> **Exercise description**:
Copy out the data that follows exactly, leaving out no line.

> **The input**:
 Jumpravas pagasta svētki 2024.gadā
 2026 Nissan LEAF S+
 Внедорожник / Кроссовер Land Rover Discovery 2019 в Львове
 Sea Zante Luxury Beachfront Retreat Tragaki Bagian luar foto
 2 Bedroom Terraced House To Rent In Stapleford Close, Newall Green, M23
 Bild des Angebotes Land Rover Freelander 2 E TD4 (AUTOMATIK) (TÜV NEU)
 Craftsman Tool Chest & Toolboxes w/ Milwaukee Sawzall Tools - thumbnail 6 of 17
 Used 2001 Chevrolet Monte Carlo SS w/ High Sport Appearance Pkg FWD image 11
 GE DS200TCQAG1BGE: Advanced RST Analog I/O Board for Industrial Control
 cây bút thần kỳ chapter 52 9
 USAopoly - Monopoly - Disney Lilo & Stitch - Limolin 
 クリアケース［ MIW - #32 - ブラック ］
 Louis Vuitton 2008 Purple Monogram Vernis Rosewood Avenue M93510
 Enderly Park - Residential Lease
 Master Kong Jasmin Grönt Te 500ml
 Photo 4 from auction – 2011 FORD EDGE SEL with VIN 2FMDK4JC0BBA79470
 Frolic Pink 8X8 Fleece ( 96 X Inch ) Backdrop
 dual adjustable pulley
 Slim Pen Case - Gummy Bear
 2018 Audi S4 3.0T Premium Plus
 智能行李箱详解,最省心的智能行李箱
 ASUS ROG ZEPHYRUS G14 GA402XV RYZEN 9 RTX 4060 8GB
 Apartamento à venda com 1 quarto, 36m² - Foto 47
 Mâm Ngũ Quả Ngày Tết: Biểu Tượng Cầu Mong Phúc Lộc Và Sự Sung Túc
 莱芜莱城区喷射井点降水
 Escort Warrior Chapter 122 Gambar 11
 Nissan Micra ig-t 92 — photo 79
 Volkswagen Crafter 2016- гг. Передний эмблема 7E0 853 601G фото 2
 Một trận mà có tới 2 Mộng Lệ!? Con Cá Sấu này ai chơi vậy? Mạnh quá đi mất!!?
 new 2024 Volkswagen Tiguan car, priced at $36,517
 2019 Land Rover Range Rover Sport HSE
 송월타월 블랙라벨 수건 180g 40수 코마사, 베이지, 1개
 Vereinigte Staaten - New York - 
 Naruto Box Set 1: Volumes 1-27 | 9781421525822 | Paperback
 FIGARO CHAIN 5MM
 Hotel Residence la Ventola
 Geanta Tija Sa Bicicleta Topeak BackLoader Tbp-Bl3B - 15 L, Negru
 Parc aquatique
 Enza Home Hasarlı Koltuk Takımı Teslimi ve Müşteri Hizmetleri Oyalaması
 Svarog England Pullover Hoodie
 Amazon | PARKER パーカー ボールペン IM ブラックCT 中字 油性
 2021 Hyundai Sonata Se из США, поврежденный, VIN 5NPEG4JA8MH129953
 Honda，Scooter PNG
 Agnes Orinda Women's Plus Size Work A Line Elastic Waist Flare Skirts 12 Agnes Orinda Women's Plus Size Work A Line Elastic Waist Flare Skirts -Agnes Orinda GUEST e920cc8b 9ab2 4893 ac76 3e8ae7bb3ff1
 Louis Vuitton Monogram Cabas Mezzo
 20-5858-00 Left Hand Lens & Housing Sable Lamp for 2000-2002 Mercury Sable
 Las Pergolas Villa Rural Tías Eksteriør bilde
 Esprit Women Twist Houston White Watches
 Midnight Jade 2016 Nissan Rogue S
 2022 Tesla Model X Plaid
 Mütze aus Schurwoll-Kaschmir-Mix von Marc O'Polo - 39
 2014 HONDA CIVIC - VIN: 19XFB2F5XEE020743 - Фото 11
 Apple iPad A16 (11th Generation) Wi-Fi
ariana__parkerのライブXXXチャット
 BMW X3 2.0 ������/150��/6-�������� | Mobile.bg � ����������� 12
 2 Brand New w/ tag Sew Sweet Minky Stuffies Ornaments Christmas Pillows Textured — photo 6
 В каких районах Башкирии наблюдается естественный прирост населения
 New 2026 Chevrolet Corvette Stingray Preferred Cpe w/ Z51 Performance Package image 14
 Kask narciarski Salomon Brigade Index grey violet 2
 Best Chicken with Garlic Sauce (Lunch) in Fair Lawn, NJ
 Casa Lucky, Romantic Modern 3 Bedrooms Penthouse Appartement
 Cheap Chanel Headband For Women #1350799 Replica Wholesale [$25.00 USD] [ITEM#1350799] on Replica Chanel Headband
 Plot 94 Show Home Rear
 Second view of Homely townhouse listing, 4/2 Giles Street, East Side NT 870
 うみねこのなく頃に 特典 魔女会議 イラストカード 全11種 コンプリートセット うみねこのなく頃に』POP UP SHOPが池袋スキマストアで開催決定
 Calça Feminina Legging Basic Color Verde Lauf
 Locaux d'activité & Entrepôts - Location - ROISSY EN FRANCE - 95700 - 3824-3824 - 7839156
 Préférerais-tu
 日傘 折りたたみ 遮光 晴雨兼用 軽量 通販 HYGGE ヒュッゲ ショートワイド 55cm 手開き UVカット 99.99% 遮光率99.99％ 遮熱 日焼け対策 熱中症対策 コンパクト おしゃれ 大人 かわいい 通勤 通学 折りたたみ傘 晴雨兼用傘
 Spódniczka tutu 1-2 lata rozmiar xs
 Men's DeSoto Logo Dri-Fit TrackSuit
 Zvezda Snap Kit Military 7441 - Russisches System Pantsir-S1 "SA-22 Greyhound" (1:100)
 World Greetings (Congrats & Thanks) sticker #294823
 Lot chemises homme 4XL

> **Answer for this exercise**:
 Jumpravas pagasta svētki 2024.gadā
 2026 Nissan LEAF S+
 Внедорожник / Кроссовер Land Rover Discovery 2019 в Львове
 Sea Zante Luxury Beachfront Retreat Tragaki Bagian luar foto
 2 Bedroom Terraced House To Rent In Stapleford Close, Newall Green, M23
 Bild des Angebotes Land Rover Freelander 2 E TD4 (AUTOMATIK) (TÜV NEU)
 Craftsman Tool Chest & Toolboxes w/ Milwaukee Sawzall Tools - thumbnail 6 of 17
 Used 2001 Chevrolet Monte Carlo SS w/ High Sport Appearance Pkg FWD image 11
 GE DS200TCQAG1BGE: Advanced RST Analog I/O Board for Industrial Control
 cây bút thần kỳ chapter 52 9
 USAopoly - Monopoly - Disney Lilo & Stitch - Limolin 
 クリアケース［ MIW - #32 - ブラック ］
 Louis Vuitton 2008 Purple Monogram Vernis Rosewood Avenue M93510
 Enderly Park - Residential Lease
 Master Kong Jasmin Grönt Te 500ml
 Photo 4 from auction – 2011 FORD EDGE SEL with VIN 2FMDK4JC0BBA79470
 Frolic Pink 8X8 Fleece ( 96 X Inch ) Backdrop
 dual adjustable pulley
 Slim Pen Case - Gummy Bear
 2018 Audi S4 3.0T Premium Plus
 智能行李箱详解,最省心的智能行李箱
 ASUS ROG ZEPHYRUS G14 GA402XV RYZEN 9 RTX 4060 8GB
 Apartamento à venda com 1 quarto, 36m² - Foto 47
 Mâm Ngũ Quả Ngày Tết: Biểu Tượng Cầu Mong Phúc Lộc Và Sự Sung Túc
 莱芜莱城区喷射井点降水
 Escort Warrior Chapter 122 Gambar 11
 Nissan Micra ig-t 92 — photo 79
 Volkswagen Crafter 2016- гг. Передний эмблема 7E0 853 601G фото 2
 Một trận mà có tới 2 Mộng Lệ!? Con Cá Sấu này ai chơi vậy? Mạnh quá đi mất!!?
 new 2024 Volkswagen Tiguan car, priced at $36,517
 2019 Land Rover Range Rover Sport HSE
 송월타월 블랙라벨 수건 180g 40수 코마사, 베이지, 1개
 Vereinigte Staaten - New York - 
 Naruto Box Set 1: Volumes 1-27 | 9781421525822 | Paperback
 FIGARO CHAIN 5MM
 Hotel Residence la Ventola
 Geanta Tija Sa Bicicleta Topeak BackLoader Tbp-Bl3B - 15 L, Negru
 Parc aquatique
 Enza Home Hasarlı Koltuk Takımı Teslimi ve Müşteri Hizmetleri Oyalaması
 Svarog England Pullover Hoodie
 Amazon | PARKER パーカー ボールペン IM ブラックCT 中字 油性
 2021 Hyundai Sonata Se из США, поврежденный, VIN 5NPEG4JA8MH129953
 Honda，Scooter PNG
 Agnes Orinda Women's Plus Size Work A Line Elastic Waist Flare Skirts 12 Agnes Orinda Women's Plus Size Work A Line Elastic Waist Flare Skirts -Agnes Orinda GUEST e920cc8b 9ab2 4893 ac76 3e8ae7bb3ff1
 Louis Vuitton Monogram Cabas Mezzo
 20-5858-00 Left Hand Lens & Housing Sable Lamp for 2000-2002 Mercury Sable
 Las Pergolas Villa Rural Tías Eksteriør bilde
 Esprit Women Twist Houston White Watches
 Midnight Jade 2016 Nissan Rogue S
 2022 Tesla Model X Plaid
 Mütze aus Schurwoll-Kaschmir-Mix von Marc O'Polo - 39
 2014 HONDA CIVIC - VIN: 19XFB2F5XEE020743 - Фото 11
 Apple iPad A16 (11th Generation) Wi-Fi
ariana__parkerのライブXXXチャット
 BMW X3 2.0 ������/150��/6-�������� | Mobile.bg � ����������� 12
 2 Brand New w/ tag Sew Sweet Minky Stuffies Ornaments Christmas Pillows Textured — photo 6
 В каких районах Башкирии наблюдается естественный прирост населения
 New 2026 Chevrolet Corvette Stingray Preferred Cpe w/ Z51 Performance Package image 14
 Kask narciarski Salomon Brigade Index grey violet 2
 Best Chicken with Garlic Sauce (Lunch) in Fair Lawn, NJ
 Casa Lucky, Romantic Modern 3 Bedrooms Penthouse Appartement
 Cheap Chanel Headband For Women #1350799 Replica Wholesale [$25.00 USD] [ITEM#1350799] on Replica Chanel Headband
 Plot 94 Show Home Rear
 Second view of Homely townhouse listing, 4/2 Giles Street, East Side NT 870
 うみねこのなく頃に 特典 魔女会議 イラストカード 全11種 コンプリートセット うみねこのなく頃に』POP UP SHOPが池袋スキマストアで開催決定
 Calça Feminina Legging Basic Color Verde Lauf
 Locaux d'activité & Entrepôts - Location - ROISSY EN FRANCE - 95700 - 3824-3824 - 7839156
 Préférerais-tu
 日傘 折りたたみ 遮光 晴雨兼用 軽量 通販 HYGGE ヒュッゲ ショートワイド 55cm 手開き UVカット 99.99% 遮光率99.99％ 遮熱 日焼け対策 熱中症対策 コンパクト おしゃれ 大人 かわいい 通勤 通学 折りたたみ傘 晴雨兼用傘
 Spódniczka tutu 1-2 lata rozmiar xs
 Men's DeSoto Logo Dri-Fit TrackSuit
 Zvezda Snap Kit Military 7441 - Russisches System Pantsir-S1 "SA-22 Greyhound" (1:100)
 World Greetings (Congrats & Thanks) sticker #294823
 Lot chemises homme 4XL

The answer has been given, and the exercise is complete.